Hz. Ömer: “Hz. Ebu Bekir'in, Muhacirlerin (Mekkeliler)
en faziletlisi olduğunu, Hicret sırasında, Hz. Peygamber'in
yanında bulunduğunu…” tekraren vurgular ve Hz. Ebubekir'e hitap ederek: "Uzat
elini sana biat edelim!" diyerek, tartışmaları bitirdi. Böylece, Hz.
Ömer, Emir Hz. Ebubekir’e biat eden ilk kişi oldu…
Hz. Ömer'den sonra, Hz. Ebubekir'e ilk biat eden kişi, Sa'd
bin Ubade'nin amcazadesi Beşir bin Sa'd oldu.
O sıralarda, Ensar'dan (Medineli) Hubab bin
Münzir, Hz. Ebubekir'in Emirliğine itiraz edenlerden oldu… Hubab
bin Münzir’ın hali hazırda Emir seçilmiş Hz. Ali’nin
karşısında Hz. Ebuker’i, Emir olarak seçiyor olmalarına karşı çıkmış
olmanın çabaları, sonuçsuz kaldı.
O an, orada bulunanlardan, Sa'd bin Ubade de bu
duruma içten içe itiraz ettiğinden kendisi ve Hubab bin Münzir hariç,
toplantıdaki Ensar'ın tamamı, Hz. Ebubekir'e biat etti. Biat
etmeyen Sa'd bin Ubade, Hz. Ömer'e hitaben:
"Yerimden kalkacak gücüm olsaydı, Medine'nin
etrafında ve sokaklarda, aslan gibi kükrediğimi görürdün. O zaman sen ve
arkadaşların korkarak, bir yere sığınmak zorunda kalırdınız!.." dedikten sonra
mücadele etmeye devam edeceğini söyleyerek, evine çekildi ve Hz. Ebü Bekir'e
biat etmeyeceğini açıkladı (?)…
Hz. Ömer'in, Sa'd bin Ubade'yi biata zorlama
teşebbüsüne, Sa'd bin Ubade'nin amcazadesi Beşir bin Sa'd karşı
çıkarak: “Çözümünün zamana bırakılması!..” tavsiyesinde bulundu…
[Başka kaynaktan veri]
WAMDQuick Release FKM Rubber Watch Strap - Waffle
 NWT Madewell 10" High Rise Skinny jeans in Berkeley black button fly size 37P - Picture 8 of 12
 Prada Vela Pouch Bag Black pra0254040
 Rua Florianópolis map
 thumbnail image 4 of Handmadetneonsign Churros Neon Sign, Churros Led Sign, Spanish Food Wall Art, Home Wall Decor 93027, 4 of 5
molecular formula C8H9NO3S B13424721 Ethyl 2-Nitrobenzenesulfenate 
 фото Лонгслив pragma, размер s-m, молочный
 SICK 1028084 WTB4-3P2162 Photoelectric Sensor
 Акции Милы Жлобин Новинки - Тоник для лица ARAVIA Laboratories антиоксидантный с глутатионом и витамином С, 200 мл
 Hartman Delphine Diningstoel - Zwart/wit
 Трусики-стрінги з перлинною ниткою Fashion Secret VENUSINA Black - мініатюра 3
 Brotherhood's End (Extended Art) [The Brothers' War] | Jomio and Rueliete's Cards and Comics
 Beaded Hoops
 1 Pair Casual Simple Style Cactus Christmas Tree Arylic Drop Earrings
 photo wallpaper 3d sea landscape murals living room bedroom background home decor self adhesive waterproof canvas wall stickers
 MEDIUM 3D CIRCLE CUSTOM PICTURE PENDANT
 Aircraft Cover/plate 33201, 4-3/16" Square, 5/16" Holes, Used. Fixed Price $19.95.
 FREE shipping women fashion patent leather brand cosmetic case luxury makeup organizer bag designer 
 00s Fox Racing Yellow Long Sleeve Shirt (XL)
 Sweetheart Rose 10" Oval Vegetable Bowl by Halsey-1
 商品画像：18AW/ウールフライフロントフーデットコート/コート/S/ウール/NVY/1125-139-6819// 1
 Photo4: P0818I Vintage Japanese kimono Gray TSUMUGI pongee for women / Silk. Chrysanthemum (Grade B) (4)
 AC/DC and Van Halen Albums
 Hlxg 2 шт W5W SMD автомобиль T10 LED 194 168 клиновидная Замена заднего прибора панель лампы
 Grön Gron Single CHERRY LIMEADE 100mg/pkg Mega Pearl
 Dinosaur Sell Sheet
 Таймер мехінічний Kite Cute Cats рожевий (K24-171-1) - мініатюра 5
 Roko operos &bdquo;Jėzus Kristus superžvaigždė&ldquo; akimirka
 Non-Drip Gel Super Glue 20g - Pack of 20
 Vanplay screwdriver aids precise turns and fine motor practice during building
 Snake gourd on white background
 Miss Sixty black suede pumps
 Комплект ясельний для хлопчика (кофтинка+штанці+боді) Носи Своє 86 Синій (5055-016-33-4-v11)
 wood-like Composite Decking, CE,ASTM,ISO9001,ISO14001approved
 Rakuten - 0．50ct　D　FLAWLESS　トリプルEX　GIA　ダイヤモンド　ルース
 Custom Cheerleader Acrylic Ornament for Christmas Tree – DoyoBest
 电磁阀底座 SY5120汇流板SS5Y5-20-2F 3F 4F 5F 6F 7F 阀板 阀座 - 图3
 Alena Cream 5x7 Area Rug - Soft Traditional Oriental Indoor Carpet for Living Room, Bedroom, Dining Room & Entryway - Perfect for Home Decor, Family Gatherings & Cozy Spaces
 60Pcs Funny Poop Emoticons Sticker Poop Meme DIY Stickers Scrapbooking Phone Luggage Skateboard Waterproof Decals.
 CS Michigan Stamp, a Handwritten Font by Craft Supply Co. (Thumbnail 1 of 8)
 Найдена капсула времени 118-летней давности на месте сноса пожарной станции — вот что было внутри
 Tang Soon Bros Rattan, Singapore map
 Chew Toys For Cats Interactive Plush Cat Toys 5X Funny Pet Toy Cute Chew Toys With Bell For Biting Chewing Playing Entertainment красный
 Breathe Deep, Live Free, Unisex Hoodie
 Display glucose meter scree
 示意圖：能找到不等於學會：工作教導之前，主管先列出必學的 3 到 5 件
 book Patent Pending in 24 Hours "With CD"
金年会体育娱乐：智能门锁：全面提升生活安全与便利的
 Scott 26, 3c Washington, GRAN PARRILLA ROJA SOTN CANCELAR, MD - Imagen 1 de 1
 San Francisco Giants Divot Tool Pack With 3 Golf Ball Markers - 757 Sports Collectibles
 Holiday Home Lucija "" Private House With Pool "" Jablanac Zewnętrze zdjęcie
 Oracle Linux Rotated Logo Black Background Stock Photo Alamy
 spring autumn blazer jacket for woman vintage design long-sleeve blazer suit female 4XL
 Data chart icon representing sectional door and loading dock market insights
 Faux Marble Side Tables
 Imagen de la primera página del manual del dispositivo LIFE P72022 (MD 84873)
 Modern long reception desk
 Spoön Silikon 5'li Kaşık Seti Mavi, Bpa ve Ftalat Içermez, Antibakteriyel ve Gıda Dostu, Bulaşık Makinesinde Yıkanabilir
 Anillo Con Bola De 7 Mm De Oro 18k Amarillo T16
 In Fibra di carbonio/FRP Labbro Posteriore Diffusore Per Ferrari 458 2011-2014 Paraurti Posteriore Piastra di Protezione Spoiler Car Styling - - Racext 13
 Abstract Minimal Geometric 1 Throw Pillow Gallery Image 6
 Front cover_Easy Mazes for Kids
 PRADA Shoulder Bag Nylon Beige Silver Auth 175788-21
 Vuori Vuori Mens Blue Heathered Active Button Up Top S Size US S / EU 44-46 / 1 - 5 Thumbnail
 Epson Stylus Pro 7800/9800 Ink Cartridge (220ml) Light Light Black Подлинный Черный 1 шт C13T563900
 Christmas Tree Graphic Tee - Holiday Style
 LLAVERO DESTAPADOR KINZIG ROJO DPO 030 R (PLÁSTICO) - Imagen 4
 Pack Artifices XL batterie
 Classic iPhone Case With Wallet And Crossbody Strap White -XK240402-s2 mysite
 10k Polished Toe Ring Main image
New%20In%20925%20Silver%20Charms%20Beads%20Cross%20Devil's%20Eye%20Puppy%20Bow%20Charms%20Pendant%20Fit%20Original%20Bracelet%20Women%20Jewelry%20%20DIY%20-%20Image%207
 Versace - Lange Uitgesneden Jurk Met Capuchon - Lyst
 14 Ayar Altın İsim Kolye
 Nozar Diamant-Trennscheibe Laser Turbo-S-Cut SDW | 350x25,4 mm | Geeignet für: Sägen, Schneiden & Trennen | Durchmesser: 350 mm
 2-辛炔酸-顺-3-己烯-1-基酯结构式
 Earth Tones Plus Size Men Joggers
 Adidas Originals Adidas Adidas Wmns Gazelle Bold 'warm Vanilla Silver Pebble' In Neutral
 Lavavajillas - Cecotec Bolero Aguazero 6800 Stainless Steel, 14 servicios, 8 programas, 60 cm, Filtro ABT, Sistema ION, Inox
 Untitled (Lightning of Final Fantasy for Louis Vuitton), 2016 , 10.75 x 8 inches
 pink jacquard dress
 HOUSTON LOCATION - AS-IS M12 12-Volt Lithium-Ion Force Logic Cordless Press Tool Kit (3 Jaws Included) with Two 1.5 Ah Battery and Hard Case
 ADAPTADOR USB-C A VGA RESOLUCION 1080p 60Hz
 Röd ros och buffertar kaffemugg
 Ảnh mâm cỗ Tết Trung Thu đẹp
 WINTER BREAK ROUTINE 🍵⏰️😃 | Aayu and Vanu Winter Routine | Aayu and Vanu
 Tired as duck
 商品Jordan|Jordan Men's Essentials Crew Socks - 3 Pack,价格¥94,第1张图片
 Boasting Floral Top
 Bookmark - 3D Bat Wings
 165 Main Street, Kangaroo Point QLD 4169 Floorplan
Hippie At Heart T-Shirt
Hz. Peygamber'in cenazesi, Emir
seçiminin Pazartesi günü akşam saatlerinde sonlanmasından sonra, Salı günü
sabahı Hz. Muhammed’in bedeni yıkandı. Kimin yıkayacağı ile ilgili
konuşmalar yapılırken, Emir olarak seçilmiş bulunan Hz. Ebubekir: "Hz.Muhammed’in
temiz vücudunu yıkamak, Ehl-i Beyt’in hakkıdır!.." dedi!..
Geçmiş asırlar boyunca.
Müslümanların en fazla tartıştıkları konu “İlk Emir” seçimidir… Dikkate
şayan bir durum vardır ki bu ilk Emirnin belirlenmesi tarihinde, o
günlerde yaşanmış hadiseleri, daha iyi tahlil edebilmek için:
Hz. Muhammed, (atmış üç “63” yaşlarında, “Medine, Hicaz, Suudi Arabistan” günümüzde (İslâm Devleti,) vefat ettiğinde:
Hz. Ebubekir 60,
Hz. Osman 56,
Hz. Ömer 50,
Hz. Ali 32 yaşındadır.
Peygamber ve Dört Halifenin
Akrabalık Dereceleri:
Hz. Ebubekir (Peygamberin
Damadı, Peygamber de Ebubekir’in Damadı), Aynı amanda birbirlerinin
kayınbabası durumundaydılar.
Hz. Ömer (Peygamber Hz. Muhammed ve Hz. Ali’nin
Damadı),
Hz. Osman (Peygamberin Damadı, Peygamber’in
Putperes Hint ‘in oğullarının boşadığı iki kızı ile aralıklı, birinin ölümü
üzerine diğeri ile de evlenmiş, Peygamber’in Amcasının Kızının Oğlu)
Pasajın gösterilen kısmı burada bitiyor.